ジョン・グレイディはメキシコの町フアレスで、娼婦マグダレーナと恋に落ち、結婚しようとする。ビリーは呆れながらも協力するが、売春宿の経営者が立ちはだかり、事態は悲劇の道を突き進んでいく……という筋立てだ。

西部劇のフリをしたアンチ・西部劇

ストーリーの表面をなぞるだけなら、カウボーイと娼婦が恋に落ちる展開は定番中の定番だ。月並みで、平凡とすら言える。強くて優しい若者と、純粋で無垢な16歳の少女が、互いに想い合い、命を懸けて愛し合う。彼女の名前がマグダラのマリア(Maria Magdalena)を想起させるのは偶然ではない。

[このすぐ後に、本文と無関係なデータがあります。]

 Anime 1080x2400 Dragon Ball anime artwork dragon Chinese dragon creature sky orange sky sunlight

だが、前二作を読んできたなら、とてもそんな陳腐な解釈はしないだろう。『すべての美しい馬』も『越境』も、西部劇のフォーマット―――カウボーイと馬と旅、ロマンスと決闘―――をなぞりながら、西部劇のお約束とは真逆の決着に至っているからだ。そこには、西部劇ではお馴染みの、「正義」も「勝利」もない。

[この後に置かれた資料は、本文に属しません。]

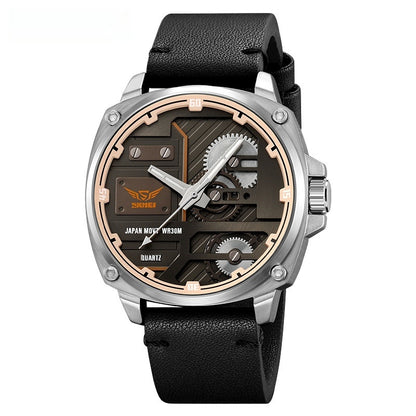 Exposed-gear quartz watch with black leather strap and silver-tone bezel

ジョン・グレイディもビリーも、夢とあこがれを抱き、アメリカとメキシコの国境を越えるが、大切なものを失い、身も心もズタボロにされていく。西部劇のフリをしながら、「西部劇的なるもの」と決別するのが、前二作だ。

そんな眼で『平原の町』を眺めると、違った物語が浮かび上がってくる。売春宿の経営者のセリフが分かりやすい。マグダレーナを身請けしようと相談を持ちかけてきたビリーに向けた言葉だ。

あんたの友だち(ジョン・グレイディ)は非合理な情熱にとらわれてる。あんた(ビリー)が何をいっても無駄だよ。あんたの友だちは頭のなかである物語を作ってるんだ。これから物事がこうなるという物語を。その物語のなかで彼は幸せになる。そういう物語のどこがまずいかわかるかね?

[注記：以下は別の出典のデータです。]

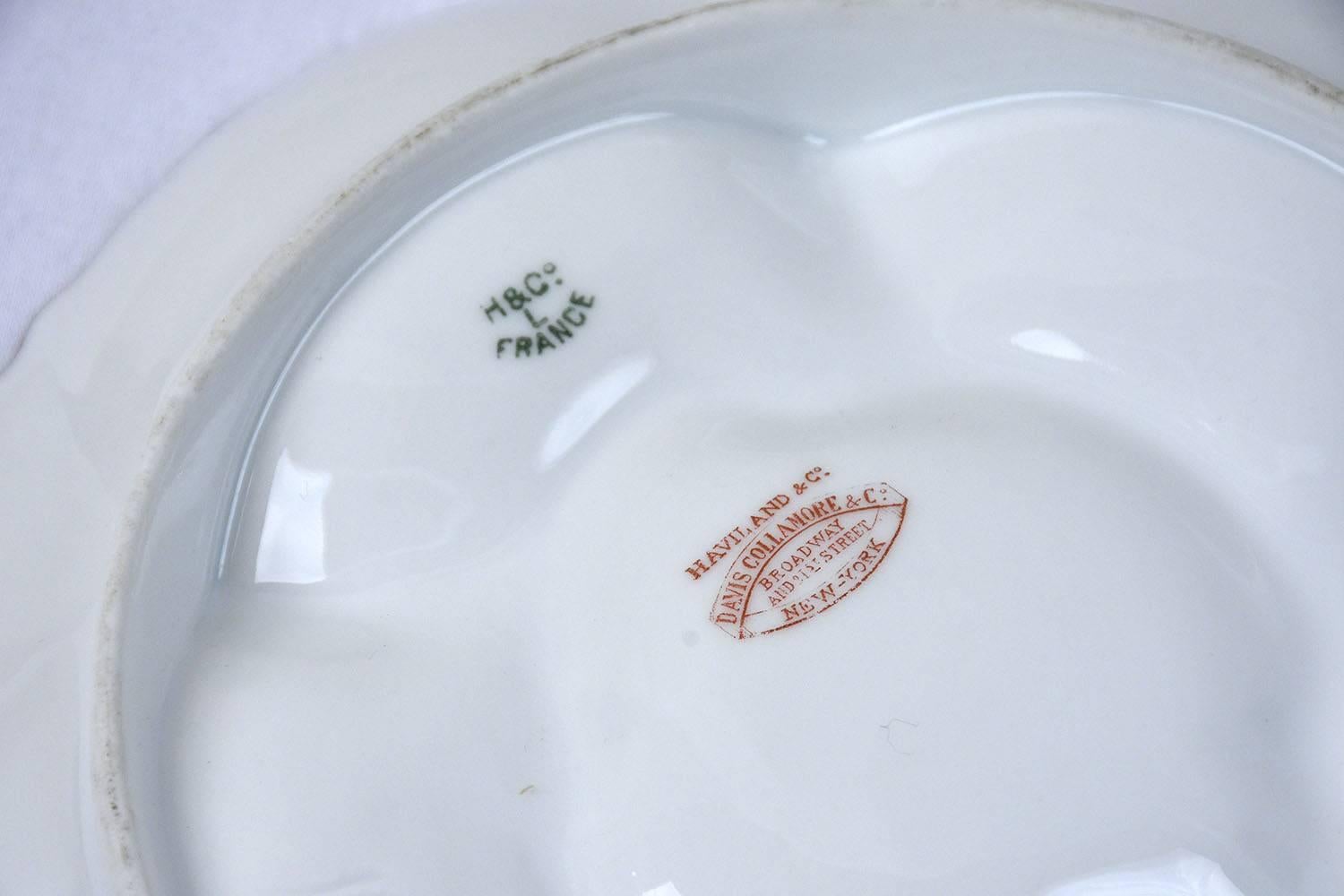 French Set of Eight Haviland & Co. Limoges Porcelain Oyster Plates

この言い分は、至極まっとうに聞こえる。ここはメキシコのフアレスで、あんたら(ビリーとジョン・グレイディ)は国境の向こう側からやってきた。愛し合っているから結婚するというのは、あんたらの物語なのであり、ここでは通用しない、絶対に本当にならない物語だ。

実際その通りだし、ビリーも反論できない。事実、ジョン・グレイディがやろうとしているのは、彼女をそそのかして連れていくことなのだから。アウトローなのはアメリカ人になる。

第二作目『越境』で、狼をメキシコの山へ返そうとしたビリーに対し、「おまえはこの国を勝手に入ってきて何をしてもいい国だと思ってるんだろう」と咎められるシーンがある(16歳のビリーは反論できなかった)。それと同じだ。「メキシコ」や「フロンティア」に勝手な幻想を抱いて国境を越え、自由だの平等といった価値観がまかり通ると信じる。だがそれは、絶対に本当にならない物語だ。

自由や独立といったアメリカが国是とする価値観を体現した西部劇が、同じお膳立てとフォーマットで、「それはおまえらの物語にすぎない、そしてそれは本当にならない」と立証される(それも血と力とでだ)。ジョン・グレイディとマグダレーナを待ち受けるものは、陳腐な悲恋などではなく、作り上げた物語が思い通りにならない悲劇として捉えなおさなければならない。

女皆殺しの町フアレス

もう一つ、重要な要素がある。『平原の町』の舞台だ。

前二作は旅の物語でもあった。何かを探すため、あるいは何かを求めるため、彼らは国境を越えた。絶えず移動し、追いかけ/追われながら一つの場所に留まらなかった。わずかに居所を見つけたとしても、物語が彼らを駆り立てその場所から追いやった。

ところが第三部では、ほとんど居場所が変わらない。ビリーとジョン・グレイディは、ニュー・メキシコの牧場に雇われている。マグダレーナのいる売春宿は、国境を越えたフアレスにある。

『平原の町』が出版された1990年代後半には、このフアレスで女性連続殺人事件が起き、それから20年足らずのあいだに同類の事件が5千件近くも発生している。一連の事件は「女皆殺し(femicide)」とも呼ばれ、犯人とされる人物が捕まっても犠牲者は後を絶たず、犠牲者は700人以上に上ると言われている。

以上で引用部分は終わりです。